In a Decision penned by Associate Justice Jhosep Y. Lopez, the Court granted the Petitions for Certiorari and Prohibition with Application for the Issuance of Temporary Restraining Order and/or Writ of Injunction, filed in 2021, by Catalina G. Leonen-Pizzaro and Glen Quintos Albano (petitioners), candidates for party-list representatives in the 2019 National Elections, assailing the constitutionality of Section 8 of

R.A. No. 7941, otherwise known as the Party-List System Act, and Sections 5(d) and 10 of COMELEC Resolution No. 10717 which governs the submission of nominees of groups or organizations participating under the party-list-system of representation, insofar as the said provisions prevent a candidate for any elective office or a person who has lost in the immediately preceding elections from being included in the list of nominees for party-list representatives.

Petitioners likewise argued that Congress does not have the power to add additional qualifications set forth in Section 6, Article VI of the 1987 Constitution with respect to party-list representatives.

In granting the petitions, the Court declared invalid and unconstitutional the phrase “a person who has lost his bid for elective office in the immediately preceding election,” under Section 8 of R.A. No. 7941 (Party-List System Act), and the phrases “have lost in their bid for an elective office in the May 13, 2019 National and Local Elections” and “or a person who has lost his bid for an elective office in the May 13, 2019 National and Local Elections,” under Sections 5(d) and 10, respectively, of COMELEC Resolution No. 10717.

The Court found that the prohibition placed on losing candidates violates the constitutional guaranty of substantive due process as it effectively intrudes on the right of losing candidates in the immediately preceding elections from participating in the present elections.

It added that the State cannot require eligibility for public office to be conditioned on a candidate’s ill performance in the previous election, nor may such performance be used as a rubric to gauge the person’s ability to serve.

The Court also ruled that by the express wording of Section 5(1), Article VI of the 1987 Constitution, Congress is empowered to determine, by law, who shall be elected through the party-list system and, therefore,

determine the qualifications of the party-list representatives elected. Reviewing the deliberations of the Constitutional Commission, the Court found the clear intent of the framers to delegate to Congress, who is in the best position to draft, study, and enact all the details regarding the implementation of the party-list system, the determination of the qualifications of nominees of the party-list system.

The Court said that given these, there is nothing constitutionally repugnant on the part of Congress to provide for the selection of party- list nominees as reflected in Section 8 of R.A. No. 7941 and as later adopted and reproduced by the respondent COMELEC in its Resolution No. 10717.

The Court likewise ruled that regardless of the power of Congress to provide for the qualifications of party-list representatives by law, it must still yield to the general limitations on legislation, particularly the equal protection clause.

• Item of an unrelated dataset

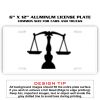 6 X 12 Full Size Aluminum License Plate for Cars and Trucks  Thumbnail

Applying the rational basis test, the Court held that the assailed portion of the provisions under R.A. No. 7941 and COMELEC Resolution No. 10717 must be struck down, as no substantial distinction exists between candidates who lost in the immediately preceding election vis-à- vis those who won or did not participate therein. 

* The full text of the Court’s Decision in G.R. No. 257610 (Albano v. COMELEC) will be uploaded to the Supreme Court website once the Supreme Court Public Information Office receives an official copy from the Clerk of Court En Banc(Courtesy of the Supreme Court Public Information Office)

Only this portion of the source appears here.